Mayor of Zaporizhzhia (acting)
- In office 5 March 2003 – 8 June 2003
- Preceded by: Oleksandr Poliak [uk]
- Succeeded by: Yevhen Kartashov [uk]

Personal details
- Born: Volodymyr Fedosiyovych Hryshchenko 5 July 1945 Pryputni [uk], Pryluky Raion, Chernihiv Oblast, Ukrainian SSR, USSR
- Died: 22 June 2023 (aged 77)
- Party: CPSU (until 1991)
- Education: Prydniprovska State Academy of Civil Engineering and Architecture
- Occupation: Engineer

= Volodymyr Hryshchenko =

Ukrainian politician (1945–2023)

Volodymyr Fedosiyovych Hryshchenko (Володимир Федосійович Грищенко; 5 July 1945 – 22 June 2023) was a Ukrainian politician and engineer. He served as acting Mayor of Zaporizhzhia from March to June 2003.

== Biography ==
Volodymyr Hryshchenko was born into a peasant family on July 5, 1945. In 1963, he graduated from high school. In 1963-1964, he worked as an electrician and carpenter at the Construction and Installation Department No. 89.
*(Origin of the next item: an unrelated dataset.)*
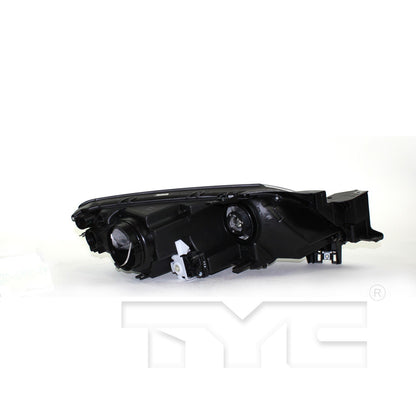 TYC TYC Regular 20-6940-01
From September 1964 to November 1967, he served in the Soviet Army (in the Group of Soviet Troops in Germany).

From December 1967 to April 1972, he worked as a gas rescuer of the 5th and 6th category, an equipment repairman of the 7th category, and a senior apparatchik at the Zaporizhzhia Ferroalloy Plant.
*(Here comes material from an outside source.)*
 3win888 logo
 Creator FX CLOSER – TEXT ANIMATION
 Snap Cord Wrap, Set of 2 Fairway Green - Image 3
In 1971, he graduated from the evening department of Zaporizhzhia Construction College as a mechanical technician of construction machinery and equipment.

From April 1972 to September 1979, he worked as a technician of the production preparation group, engineer, mechanic, foreman, and head of the tower crane section of the Zaporizhstroymekhanizatsiya trust.
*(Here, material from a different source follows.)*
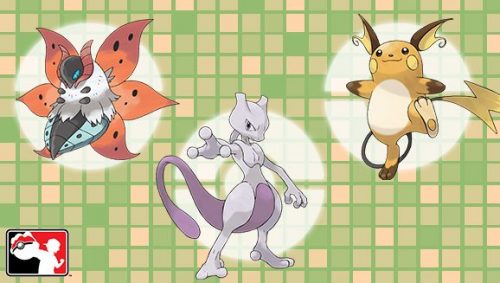 Pokémon World Championships 2016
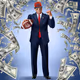 Trump Digital Trading Card #28341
In 1978, he graduated from the Dnipropetrovs'k Civil Engineering Institute with a degree in construction and road machinery and equipment, and a mechanical engineer of construction machinery and equipment.

In September 1979 - February 1982, he worked as a site foreman, in February 1982 - August 1985 - Chief Engineer, in August 1985 - January 2000 - Head of Zaporizhzhia State Municipal Operational Linear Road Administration.

From January to October 2000, he was the Head of the Municipal Economy Department of the Zaporizhzhia City Council.

In October 2000 - February 2001 - Deputy Mayor of Zaporizhzhia, Head of the Municipal Economy Department of Zaporizhzhia City Council.

February 24, 2001 - December 29, 2010 - 1st Deputy Mayor of Zaporizhzhia

Hryshchenko died on 22 June 2023, at the age of 77.